## Activity
State the number of lines below in which the word "Vorschau" appears. Nothing else belongs in the answer.

[[ Provided records open ]]

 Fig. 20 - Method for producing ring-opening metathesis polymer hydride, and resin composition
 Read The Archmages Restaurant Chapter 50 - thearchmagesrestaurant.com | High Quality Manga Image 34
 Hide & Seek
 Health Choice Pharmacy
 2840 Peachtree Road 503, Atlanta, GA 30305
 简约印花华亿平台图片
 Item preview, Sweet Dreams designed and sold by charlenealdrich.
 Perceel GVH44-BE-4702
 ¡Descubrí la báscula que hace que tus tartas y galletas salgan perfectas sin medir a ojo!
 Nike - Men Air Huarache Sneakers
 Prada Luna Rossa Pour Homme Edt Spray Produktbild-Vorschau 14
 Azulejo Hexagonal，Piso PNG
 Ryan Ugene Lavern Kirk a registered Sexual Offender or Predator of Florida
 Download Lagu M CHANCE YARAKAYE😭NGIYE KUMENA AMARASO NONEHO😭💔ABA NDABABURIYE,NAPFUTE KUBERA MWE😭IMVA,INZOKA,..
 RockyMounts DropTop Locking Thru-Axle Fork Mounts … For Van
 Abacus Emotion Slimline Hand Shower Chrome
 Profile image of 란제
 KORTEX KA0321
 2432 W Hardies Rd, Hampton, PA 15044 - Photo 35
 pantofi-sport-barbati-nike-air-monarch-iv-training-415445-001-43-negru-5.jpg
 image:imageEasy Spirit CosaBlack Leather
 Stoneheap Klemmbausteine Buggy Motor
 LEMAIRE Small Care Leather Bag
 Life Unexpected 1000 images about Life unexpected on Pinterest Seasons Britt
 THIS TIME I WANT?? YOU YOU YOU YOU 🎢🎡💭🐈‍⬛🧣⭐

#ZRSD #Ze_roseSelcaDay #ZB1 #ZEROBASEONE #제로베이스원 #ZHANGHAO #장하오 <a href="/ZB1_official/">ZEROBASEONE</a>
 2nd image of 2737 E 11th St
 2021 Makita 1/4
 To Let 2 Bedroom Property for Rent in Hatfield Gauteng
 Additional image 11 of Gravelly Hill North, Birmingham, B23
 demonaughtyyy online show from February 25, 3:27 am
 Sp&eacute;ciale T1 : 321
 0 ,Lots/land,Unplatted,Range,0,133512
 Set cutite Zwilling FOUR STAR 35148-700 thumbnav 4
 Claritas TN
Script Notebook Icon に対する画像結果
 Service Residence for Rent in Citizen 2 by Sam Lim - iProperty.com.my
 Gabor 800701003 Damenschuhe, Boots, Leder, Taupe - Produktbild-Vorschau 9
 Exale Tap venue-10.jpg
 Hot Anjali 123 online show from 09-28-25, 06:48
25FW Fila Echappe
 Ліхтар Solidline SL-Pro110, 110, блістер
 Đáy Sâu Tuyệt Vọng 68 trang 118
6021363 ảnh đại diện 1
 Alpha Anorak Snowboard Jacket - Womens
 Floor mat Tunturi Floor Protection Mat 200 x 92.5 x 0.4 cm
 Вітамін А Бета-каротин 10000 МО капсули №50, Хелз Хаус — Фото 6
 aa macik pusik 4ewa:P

[[ Provided records closed ]]

## Task answer
2